FLEXIBILITY in the workplace has consistently been identified as the most important measure to attract and retain female workers, according to the Chamber of Commerce and Industry's recent Women in the Workforce discussion paper.

But while some new mothers want greater flexibility when they return to work, others choose to start their own home-based businesses, allowing them to spend time with their children while remaining engaged with the business world.

Owner of Interactive Arts, Fleur Allen, started her art sales and rental business in December 2007 when her son, Charlie, was one year old.

From a small base, Ms Allen's business now has 25 local artists under management, as well as an online galley and art rental service.

"I always had the dream to work for myself and after being at home I thought if I wanted to work, I wanted to be based at home and be doing something I really enjoyed," Ms Allen said.

"My whole outlook on life completely changed. I was very career motivated and driven and believed in what I did.

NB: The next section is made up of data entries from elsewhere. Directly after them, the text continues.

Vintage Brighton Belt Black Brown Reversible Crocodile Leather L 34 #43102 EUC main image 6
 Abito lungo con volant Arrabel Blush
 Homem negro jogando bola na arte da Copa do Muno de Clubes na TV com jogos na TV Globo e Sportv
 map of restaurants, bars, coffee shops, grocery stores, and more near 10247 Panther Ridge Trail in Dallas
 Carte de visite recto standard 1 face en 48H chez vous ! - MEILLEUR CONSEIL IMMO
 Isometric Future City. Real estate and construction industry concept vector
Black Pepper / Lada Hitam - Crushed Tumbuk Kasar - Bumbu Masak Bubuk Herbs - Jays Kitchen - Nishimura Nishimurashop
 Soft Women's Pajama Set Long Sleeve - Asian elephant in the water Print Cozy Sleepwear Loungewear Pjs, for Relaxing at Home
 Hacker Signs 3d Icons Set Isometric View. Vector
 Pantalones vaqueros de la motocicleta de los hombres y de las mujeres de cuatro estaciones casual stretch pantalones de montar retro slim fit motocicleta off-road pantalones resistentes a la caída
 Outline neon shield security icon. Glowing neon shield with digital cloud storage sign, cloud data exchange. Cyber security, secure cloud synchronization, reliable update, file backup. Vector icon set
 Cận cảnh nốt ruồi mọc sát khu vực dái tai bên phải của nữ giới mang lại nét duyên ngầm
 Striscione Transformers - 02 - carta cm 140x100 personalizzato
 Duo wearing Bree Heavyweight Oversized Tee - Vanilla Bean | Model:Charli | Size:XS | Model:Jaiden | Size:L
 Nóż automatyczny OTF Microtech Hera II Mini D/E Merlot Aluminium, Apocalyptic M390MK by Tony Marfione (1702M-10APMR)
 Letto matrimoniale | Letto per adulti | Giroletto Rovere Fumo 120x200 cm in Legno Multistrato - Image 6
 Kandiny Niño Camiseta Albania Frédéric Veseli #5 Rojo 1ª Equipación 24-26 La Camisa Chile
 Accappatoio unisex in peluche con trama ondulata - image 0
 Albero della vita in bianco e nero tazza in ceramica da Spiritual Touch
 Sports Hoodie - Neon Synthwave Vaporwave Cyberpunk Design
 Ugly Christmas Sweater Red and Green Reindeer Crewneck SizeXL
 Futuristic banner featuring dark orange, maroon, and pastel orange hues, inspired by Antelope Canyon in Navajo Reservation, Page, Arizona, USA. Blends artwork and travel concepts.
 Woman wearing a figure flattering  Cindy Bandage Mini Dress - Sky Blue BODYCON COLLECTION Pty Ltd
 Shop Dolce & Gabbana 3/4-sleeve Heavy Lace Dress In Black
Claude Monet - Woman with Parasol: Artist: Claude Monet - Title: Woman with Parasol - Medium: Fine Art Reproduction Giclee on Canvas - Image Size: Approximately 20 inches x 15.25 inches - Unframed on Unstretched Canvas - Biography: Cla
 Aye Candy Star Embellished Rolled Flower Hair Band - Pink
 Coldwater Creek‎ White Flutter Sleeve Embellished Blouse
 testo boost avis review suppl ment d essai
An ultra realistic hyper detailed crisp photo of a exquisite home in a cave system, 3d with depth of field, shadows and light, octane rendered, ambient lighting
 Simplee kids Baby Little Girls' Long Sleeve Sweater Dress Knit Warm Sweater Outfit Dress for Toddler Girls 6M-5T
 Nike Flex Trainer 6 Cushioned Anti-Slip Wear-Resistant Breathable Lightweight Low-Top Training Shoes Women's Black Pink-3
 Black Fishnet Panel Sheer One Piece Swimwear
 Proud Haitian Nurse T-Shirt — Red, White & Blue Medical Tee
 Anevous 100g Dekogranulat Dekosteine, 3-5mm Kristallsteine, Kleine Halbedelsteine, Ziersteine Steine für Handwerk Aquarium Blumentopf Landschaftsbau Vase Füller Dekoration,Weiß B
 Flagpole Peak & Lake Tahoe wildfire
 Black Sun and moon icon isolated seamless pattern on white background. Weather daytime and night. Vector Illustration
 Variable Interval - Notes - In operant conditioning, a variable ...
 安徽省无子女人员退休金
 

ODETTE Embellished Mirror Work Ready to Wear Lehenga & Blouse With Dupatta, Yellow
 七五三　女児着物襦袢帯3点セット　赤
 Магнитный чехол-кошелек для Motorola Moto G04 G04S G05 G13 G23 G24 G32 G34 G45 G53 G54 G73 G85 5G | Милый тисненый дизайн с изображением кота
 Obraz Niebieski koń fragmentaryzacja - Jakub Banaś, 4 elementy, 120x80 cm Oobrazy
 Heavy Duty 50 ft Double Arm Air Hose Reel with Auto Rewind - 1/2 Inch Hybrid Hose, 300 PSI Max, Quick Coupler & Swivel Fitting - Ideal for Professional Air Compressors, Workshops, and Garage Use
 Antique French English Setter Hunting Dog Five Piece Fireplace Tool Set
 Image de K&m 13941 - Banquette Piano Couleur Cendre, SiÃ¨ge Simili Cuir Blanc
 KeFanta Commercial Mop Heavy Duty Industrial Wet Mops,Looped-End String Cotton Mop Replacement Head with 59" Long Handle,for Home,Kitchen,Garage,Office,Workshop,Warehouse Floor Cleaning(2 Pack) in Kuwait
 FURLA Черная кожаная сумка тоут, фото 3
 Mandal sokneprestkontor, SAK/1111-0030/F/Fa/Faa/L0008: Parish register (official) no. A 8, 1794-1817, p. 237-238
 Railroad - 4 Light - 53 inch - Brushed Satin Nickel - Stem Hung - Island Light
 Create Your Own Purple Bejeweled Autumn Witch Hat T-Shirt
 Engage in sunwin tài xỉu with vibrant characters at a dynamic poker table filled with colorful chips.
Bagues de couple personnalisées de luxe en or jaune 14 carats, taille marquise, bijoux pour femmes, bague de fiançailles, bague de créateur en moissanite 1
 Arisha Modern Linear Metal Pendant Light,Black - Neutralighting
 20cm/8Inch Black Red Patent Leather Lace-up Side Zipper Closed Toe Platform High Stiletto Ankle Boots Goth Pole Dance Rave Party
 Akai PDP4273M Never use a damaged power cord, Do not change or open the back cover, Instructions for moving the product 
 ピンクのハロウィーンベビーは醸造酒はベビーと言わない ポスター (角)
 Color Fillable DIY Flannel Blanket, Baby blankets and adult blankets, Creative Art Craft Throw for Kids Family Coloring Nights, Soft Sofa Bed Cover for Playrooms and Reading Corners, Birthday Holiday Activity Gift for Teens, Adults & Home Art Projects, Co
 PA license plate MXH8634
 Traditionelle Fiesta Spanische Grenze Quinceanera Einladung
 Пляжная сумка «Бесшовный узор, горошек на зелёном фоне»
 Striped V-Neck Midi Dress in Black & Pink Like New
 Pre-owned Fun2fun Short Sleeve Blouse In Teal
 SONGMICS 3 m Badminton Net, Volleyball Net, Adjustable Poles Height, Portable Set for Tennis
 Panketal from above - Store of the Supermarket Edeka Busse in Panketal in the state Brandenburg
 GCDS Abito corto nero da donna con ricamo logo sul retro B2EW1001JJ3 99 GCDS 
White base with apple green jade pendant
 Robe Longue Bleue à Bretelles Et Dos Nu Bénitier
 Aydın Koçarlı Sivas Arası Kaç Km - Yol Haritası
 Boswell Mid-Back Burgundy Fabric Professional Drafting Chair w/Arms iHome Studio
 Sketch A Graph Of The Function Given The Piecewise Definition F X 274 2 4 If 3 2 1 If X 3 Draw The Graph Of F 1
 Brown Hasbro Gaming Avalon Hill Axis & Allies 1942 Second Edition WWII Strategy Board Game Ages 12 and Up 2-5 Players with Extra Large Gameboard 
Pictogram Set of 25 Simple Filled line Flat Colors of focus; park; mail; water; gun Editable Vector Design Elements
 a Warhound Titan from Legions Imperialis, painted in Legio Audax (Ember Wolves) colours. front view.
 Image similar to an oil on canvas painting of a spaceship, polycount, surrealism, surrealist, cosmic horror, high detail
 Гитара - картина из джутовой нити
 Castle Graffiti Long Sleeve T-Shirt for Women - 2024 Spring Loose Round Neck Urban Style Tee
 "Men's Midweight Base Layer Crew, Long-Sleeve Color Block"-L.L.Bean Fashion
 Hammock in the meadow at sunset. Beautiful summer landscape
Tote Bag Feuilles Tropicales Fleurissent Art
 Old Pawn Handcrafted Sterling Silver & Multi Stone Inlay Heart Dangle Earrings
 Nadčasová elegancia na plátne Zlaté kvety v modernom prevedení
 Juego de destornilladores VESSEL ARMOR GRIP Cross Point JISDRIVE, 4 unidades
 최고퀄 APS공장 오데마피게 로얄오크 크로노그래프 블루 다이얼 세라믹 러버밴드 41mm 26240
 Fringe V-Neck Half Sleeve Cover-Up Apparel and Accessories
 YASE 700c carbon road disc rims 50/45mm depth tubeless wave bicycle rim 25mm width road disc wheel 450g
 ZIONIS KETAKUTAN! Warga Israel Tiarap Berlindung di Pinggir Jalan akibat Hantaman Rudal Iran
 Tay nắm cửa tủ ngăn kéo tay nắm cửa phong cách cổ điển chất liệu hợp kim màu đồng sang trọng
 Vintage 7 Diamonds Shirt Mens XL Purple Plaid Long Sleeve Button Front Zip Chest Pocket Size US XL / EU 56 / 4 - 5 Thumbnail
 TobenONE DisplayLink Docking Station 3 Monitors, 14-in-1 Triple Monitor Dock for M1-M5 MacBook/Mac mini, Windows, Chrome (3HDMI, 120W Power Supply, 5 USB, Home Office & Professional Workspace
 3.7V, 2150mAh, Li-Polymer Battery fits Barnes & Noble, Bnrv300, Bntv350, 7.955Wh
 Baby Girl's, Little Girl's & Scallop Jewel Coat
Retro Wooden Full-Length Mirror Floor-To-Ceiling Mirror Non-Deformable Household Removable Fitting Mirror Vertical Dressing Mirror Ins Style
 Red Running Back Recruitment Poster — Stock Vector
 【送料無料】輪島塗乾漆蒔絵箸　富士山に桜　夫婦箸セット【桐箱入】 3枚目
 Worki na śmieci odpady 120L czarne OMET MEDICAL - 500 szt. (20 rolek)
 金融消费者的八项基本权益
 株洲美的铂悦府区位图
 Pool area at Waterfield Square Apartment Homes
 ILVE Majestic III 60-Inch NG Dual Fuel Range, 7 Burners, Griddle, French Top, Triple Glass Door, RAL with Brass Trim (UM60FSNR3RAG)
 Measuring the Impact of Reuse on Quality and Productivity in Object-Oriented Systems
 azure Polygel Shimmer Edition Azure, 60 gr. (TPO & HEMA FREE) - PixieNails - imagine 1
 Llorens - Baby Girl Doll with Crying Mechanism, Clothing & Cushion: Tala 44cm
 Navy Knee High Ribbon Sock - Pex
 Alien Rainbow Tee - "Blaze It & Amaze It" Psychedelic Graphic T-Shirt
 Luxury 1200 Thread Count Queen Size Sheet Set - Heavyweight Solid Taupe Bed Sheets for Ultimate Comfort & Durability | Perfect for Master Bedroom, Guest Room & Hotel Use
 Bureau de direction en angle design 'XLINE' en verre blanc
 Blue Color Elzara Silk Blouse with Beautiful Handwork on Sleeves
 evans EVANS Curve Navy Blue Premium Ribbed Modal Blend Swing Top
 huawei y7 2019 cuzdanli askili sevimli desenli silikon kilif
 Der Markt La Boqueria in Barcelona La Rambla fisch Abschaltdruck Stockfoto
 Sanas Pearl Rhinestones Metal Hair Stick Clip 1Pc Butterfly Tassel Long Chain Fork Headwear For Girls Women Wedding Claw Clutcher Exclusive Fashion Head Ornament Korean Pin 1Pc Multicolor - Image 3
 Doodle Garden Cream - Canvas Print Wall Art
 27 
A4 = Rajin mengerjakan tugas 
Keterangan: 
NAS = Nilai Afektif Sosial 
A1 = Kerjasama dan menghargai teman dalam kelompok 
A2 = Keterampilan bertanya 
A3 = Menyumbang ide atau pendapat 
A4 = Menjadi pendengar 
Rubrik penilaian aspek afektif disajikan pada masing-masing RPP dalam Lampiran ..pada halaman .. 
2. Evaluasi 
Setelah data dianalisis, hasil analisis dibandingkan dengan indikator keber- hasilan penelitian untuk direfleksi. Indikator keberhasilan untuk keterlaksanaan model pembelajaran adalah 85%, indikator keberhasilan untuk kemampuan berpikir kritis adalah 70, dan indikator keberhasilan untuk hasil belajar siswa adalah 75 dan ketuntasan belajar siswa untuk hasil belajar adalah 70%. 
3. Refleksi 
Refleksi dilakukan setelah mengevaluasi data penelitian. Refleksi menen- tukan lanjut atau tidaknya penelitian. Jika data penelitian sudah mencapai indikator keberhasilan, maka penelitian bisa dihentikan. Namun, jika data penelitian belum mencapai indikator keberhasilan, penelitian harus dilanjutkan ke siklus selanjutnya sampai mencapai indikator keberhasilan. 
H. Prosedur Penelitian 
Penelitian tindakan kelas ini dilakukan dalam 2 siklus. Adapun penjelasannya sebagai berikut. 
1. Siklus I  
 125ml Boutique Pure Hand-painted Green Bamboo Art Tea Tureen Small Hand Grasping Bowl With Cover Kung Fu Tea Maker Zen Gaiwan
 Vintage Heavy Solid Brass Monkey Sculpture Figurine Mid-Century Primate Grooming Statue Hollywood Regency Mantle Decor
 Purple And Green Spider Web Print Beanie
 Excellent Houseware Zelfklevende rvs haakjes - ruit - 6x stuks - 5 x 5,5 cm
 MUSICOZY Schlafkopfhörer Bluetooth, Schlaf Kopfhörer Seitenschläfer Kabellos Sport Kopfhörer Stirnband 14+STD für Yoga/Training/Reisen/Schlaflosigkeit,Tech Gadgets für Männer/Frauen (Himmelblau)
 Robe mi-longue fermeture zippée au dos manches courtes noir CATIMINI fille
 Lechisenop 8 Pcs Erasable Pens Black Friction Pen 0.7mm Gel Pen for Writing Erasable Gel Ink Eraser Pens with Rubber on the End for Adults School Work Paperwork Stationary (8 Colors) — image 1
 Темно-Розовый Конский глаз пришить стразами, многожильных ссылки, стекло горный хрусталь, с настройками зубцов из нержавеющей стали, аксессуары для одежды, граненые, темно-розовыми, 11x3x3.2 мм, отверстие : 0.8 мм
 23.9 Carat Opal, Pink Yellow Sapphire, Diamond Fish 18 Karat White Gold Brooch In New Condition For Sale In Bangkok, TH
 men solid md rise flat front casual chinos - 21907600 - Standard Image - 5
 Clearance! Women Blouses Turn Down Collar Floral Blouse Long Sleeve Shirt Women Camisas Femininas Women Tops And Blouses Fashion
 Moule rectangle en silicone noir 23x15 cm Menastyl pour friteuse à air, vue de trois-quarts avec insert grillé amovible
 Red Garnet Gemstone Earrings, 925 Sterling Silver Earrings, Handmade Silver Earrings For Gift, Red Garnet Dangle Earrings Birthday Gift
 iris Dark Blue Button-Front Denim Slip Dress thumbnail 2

I still think what I did was worthwhile, but I wanted to do something that would work into my life a bit more, and that is working from home and being my own boss."

Former lawyer Sarah Wilkins and her friend, former accountant Emma Wright, started Next Phase Recruitment in 2007 after identifying a need for a recruitment service targeting professional women wanting to re-enter the workforce after having children.

"Like us, some of our friends had great experience but were finding it difficult to find something that could balance their priorities," she said.

"Flexibility is the number one retention factor for staff."

Tammy Wayne Elliot started her communications business, Sophia's Choice Communications, when her daughter, Sophia, was four months old.

Using her previous business contacts and networks, Ms Elliot said she was surprised at the demand for her skills and experience, and now commits three days a week, full time, to her business.

"You don't need to apologise, there's nothing wrong with having ambition and wanting to work and having the desire to work," Ms Elliot said.

Access to affordable, high quality childcare and government childcare assistance and paid parental leave is also high on the list of incentives to encourage women to stay in, or return to, the workforce.

Government legislation currently provides for up to 12 months unpaid parental leave, with additional statutory requirements to come into effect as of January 1 next year.

Among the changes, employees will be able to request an additional 12 months of unpaid parental leave, and request flexible working arrangements until their child reaches school age.